The subgroup discussions encouraged participants to consider how to implement one of the three specific interventions. Participants with relevant expertise were assigned to the appropriate group (for example, fire prevention officers were assigned to the smoke alarm subgroup). Other participants were then assigned to subgroups to provide a balanced mix of professional backgrounds. Each subgroup was facilitated by a member of the research team and supported by at least one note‐taker. Subgroup discussions followed a similar structure to ensure a systematic approach to data collection as far as was practical. Subgroups were invited to consider how to design and run local programs, how to get them on local policy agendas, and where to find funds, staff time, and other resources to facilitate programs. They were to consider their experience and knowledge, not just of injury prevention, but more generally.
The reporting back discussion session at the end of the day allowed the conclusions of the subgroup sessions to be considered in the wider context. This discussion drew out some of the crosscutting issues such as partnership working, targeting, and training.
Members of the research team took detailed notes throughout each meeting. These notes were consolidated and organised by topic. After participants had verified these summaries, key words and phrases were identified in each set of notes, providing the basis for the Effective Action Briefing.
Step 6
To provide examples of real‐world programmes and fill in any remaining gaps, face‐to‐face interviews were conducted with key informants regarding specific smoke alarm programmes that emerged during the meetings.
Step 7
Based on meeting output, a short Effective Action Briefing was created to give practitioners insights into smoke alarm programme implementation in England.
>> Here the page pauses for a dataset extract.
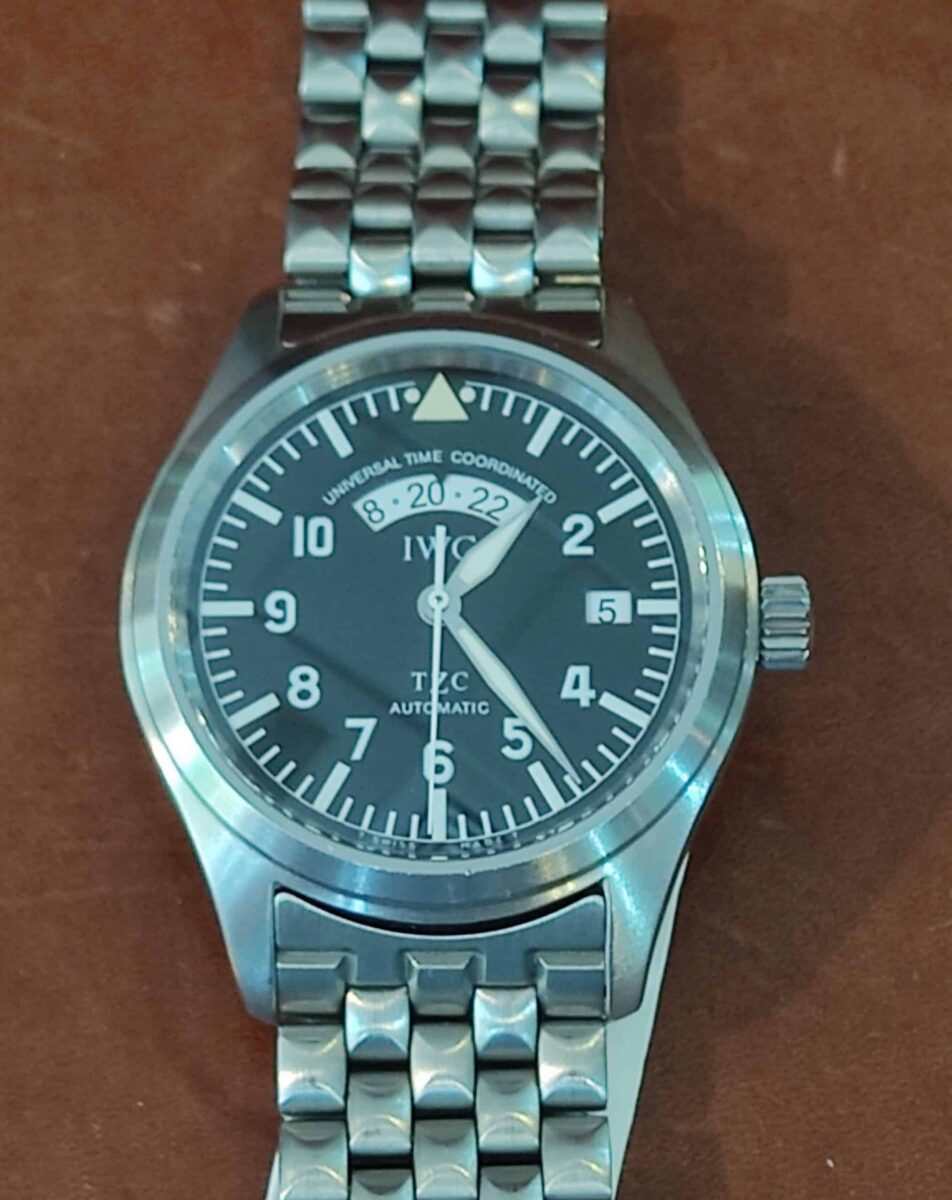פילוט 2 אזורי זמן פלדה אוטומטי IWC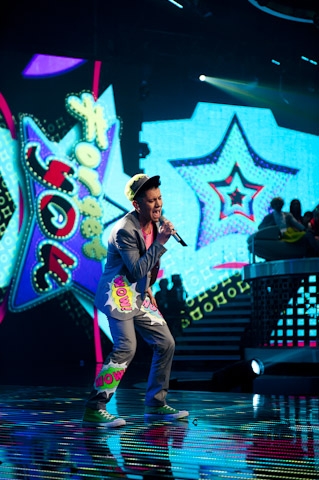 Daniele Negroni – Unter den letzten 16 Kandidaten der 9. Staffel. – DSDS 2012 - 1. Live-Show.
A brief description of contents is below.
Results
Discussions around the promotion of smoke alarms were animated and extensive. A full description of the outputs from these meetings is available in the fieldwork report.11 The nature of the discussion is illustrated below.
Policy drivers and funding opportunities
Participants unanimously agreed on the importance of national policies and drivers, influencing resources, and staffing. For example, the Fire and Rescue Services Act 2004 was viewed as a powerful driver, placing an obligation on Fire and Rescue Services (FRSs) to be active in community fire safety and providing some funding to install free smoke alarms in the most vulnerable households. Because participants from other sectors were missing drivers for injury prevention, creative interpretation of policies was required to make the smoke alarm agenda fit in. Potential sources of funding mentioned included partnerships with local government or organizations.
Multi‐agency partnership
Multi‐agency partnerships were perceived as crucial to the promotion of smoke alarms, offering opportunities for referrals between agencies and access to hard‐to‐reach groups.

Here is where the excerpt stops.